50.      Le principe de la sécurité juridique est un principe commun à tous les ordres juridiques des États membres qui fait partie de l’ordre juridique de l’Union et doit, en tout cas, être respecté par les organes de l’État membre concerné qui assurent l’exécution d’un arrêt constatant le manquement au droit de l’Union de cet État membre. Toutefois, sans prendre position sur le bien-fondé de la thèse selon laquelle la constatation du manquement allégué vicierait les actes posés par l’Autorité depuis le 1er janvier 2012, il suffit de relever qu’il appartient non pas à la Cour (15), mais éventuellement aux juridictions nationales hongroises, de juger des éventuelles violations de ce principe dans des cas précis et de prendre les mesures appropriées, sans nuire à une exécution efficace de l’arrêt de la Cour.
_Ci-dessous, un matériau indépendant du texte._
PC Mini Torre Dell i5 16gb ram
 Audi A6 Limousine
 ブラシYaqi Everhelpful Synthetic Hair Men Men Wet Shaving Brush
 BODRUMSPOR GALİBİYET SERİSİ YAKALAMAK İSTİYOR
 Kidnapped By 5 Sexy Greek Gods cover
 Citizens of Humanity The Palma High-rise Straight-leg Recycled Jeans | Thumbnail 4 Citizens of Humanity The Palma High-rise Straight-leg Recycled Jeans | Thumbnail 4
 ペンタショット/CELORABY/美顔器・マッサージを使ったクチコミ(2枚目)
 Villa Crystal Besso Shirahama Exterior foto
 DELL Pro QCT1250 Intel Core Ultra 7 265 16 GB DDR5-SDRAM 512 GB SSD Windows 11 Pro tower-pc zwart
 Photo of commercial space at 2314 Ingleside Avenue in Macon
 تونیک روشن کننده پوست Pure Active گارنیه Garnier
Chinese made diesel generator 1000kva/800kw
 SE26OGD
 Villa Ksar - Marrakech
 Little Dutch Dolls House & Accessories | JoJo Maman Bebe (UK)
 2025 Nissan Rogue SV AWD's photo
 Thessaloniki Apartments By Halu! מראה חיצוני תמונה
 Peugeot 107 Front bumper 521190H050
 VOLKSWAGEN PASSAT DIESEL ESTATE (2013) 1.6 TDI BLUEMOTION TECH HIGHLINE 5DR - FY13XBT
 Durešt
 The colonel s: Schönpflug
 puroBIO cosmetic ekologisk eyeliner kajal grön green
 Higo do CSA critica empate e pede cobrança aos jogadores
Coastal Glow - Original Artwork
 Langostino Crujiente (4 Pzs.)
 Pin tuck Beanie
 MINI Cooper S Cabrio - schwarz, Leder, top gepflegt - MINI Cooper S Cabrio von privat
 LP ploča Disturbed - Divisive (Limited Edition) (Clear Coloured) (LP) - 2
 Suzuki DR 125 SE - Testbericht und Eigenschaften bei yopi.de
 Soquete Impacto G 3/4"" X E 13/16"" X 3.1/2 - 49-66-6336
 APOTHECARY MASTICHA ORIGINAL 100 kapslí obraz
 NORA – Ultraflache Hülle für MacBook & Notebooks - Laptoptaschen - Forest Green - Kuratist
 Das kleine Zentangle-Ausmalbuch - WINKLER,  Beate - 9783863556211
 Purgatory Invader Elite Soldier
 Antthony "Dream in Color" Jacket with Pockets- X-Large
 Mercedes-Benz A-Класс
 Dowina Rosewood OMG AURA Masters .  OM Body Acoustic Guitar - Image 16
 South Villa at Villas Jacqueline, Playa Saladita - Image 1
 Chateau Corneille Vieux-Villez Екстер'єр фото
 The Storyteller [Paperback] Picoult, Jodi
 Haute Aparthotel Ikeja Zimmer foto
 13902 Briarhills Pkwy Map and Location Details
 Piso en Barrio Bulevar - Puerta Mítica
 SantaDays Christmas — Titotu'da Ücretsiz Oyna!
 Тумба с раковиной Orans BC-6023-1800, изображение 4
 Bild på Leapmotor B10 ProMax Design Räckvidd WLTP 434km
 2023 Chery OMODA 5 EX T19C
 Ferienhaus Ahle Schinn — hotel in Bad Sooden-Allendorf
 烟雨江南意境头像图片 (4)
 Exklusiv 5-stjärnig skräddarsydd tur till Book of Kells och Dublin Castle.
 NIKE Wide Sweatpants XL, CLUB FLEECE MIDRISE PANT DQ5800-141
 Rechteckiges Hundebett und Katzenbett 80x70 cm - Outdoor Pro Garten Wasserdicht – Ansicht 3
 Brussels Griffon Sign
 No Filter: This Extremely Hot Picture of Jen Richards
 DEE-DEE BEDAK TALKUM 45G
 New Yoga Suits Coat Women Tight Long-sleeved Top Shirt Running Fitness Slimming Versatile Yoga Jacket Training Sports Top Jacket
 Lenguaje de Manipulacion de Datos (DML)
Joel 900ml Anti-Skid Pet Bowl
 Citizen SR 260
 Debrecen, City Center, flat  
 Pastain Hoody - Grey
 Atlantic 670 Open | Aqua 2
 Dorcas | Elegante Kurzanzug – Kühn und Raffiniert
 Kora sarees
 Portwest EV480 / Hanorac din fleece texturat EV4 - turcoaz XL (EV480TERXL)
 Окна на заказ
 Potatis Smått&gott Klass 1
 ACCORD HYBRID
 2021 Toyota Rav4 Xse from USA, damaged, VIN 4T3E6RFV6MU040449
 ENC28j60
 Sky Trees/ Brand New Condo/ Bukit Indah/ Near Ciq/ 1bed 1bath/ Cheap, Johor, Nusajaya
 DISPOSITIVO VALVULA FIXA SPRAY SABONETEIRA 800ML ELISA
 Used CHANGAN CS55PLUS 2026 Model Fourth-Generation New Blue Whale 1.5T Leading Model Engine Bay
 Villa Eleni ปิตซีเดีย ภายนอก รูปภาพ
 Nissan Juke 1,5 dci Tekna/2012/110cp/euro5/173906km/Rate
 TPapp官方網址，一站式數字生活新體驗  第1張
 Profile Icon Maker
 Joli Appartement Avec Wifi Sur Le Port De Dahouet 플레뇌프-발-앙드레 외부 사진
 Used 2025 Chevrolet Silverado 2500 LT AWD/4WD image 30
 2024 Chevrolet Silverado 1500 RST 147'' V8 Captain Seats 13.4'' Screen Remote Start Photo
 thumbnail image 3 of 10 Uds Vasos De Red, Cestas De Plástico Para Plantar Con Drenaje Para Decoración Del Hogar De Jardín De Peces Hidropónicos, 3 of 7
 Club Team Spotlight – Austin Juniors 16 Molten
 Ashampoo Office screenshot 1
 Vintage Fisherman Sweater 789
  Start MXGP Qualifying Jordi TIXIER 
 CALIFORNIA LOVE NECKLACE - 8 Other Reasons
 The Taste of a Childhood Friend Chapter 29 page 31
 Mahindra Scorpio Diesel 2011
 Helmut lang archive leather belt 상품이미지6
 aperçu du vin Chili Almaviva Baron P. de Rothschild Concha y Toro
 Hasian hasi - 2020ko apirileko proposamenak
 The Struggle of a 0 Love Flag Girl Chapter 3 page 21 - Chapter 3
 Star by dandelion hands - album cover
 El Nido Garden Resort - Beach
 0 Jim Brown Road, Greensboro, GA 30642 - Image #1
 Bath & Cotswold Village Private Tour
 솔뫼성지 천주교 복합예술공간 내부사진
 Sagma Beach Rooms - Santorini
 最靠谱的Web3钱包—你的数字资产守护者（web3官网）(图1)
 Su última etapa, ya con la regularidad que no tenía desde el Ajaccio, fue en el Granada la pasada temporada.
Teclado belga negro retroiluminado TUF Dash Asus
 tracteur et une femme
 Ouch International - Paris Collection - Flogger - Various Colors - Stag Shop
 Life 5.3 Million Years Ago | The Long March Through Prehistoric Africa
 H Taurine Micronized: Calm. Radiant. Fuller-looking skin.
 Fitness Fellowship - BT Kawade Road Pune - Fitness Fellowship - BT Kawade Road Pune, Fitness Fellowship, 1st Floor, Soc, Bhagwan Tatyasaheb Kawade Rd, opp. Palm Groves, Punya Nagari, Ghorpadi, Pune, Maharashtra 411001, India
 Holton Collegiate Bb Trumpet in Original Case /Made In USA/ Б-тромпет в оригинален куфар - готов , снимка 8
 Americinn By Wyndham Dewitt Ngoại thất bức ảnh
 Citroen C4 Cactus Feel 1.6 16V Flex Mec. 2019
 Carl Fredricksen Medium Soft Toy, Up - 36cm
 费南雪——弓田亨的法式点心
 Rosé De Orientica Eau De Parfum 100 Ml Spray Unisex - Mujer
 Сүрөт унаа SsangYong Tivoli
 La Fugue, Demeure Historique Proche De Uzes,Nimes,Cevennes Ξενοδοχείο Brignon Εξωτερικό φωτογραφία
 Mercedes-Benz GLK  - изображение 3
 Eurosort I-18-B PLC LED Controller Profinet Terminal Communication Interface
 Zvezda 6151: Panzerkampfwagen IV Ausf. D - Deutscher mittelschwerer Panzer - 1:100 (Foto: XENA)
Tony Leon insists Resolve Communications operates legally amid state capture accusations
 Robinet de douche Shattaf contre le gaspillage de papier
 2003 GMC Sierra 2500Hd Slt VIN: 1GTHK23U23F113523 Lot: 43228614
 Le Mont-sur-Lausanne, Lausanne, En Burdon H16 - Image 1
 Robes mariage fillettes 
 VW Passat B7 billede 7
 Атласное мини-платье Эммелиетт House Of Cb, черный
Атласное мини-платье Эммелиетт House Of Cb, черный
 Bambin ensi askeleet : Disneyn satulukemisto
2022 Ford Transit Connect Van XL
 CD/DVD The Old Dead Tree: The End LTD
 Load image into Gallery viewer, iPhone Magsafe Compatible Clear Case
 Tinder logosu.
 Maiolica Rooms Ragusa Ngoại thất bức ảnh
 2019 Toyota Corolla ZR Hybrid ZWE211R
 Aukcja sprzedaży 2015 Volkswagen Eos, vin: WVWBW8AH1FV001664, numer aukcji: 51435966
51.      Incidemment, j’ajoute que la Cour a constaté que la République fédérale d’Allemagne (16) et la République d’Autriche (17) avaient manqué aux obligations qui leur incombaient en vertu de l’article 28, paragraphe 1, second alinéa, de la directive en dépit des éventuels effets juridiques que de telles constatations pouvaient engendrer sur les mesures adoptées par les autorités en cause.

52.      J’examinerai dans la partie de mes conclusions consacrée au fondement du recours (18) la demande de la Hongrie de limiter les effets d’un arrêt qui constaterait le manquement allégué.

53.      Je propose donc que le recours soit considéré comme recevable.

B –    Sur le fond

1.      Argumentation des parties

54.      La Commission ne remet pas en cause que la Hongrie ait le droit de modifier son système de contrôle de la protection des données à caractère personnel à condition de garantir l’indépendance totale de l’autorité qui exerce ce contrôle, ce qui, comme le montre la jurisprudence (19), va au-delà de la simple indépendance fonctionnelle, toute forme de sujétion devant être exclue, qu’elle soit de nature institutionnelle, personnelle ou matérielle.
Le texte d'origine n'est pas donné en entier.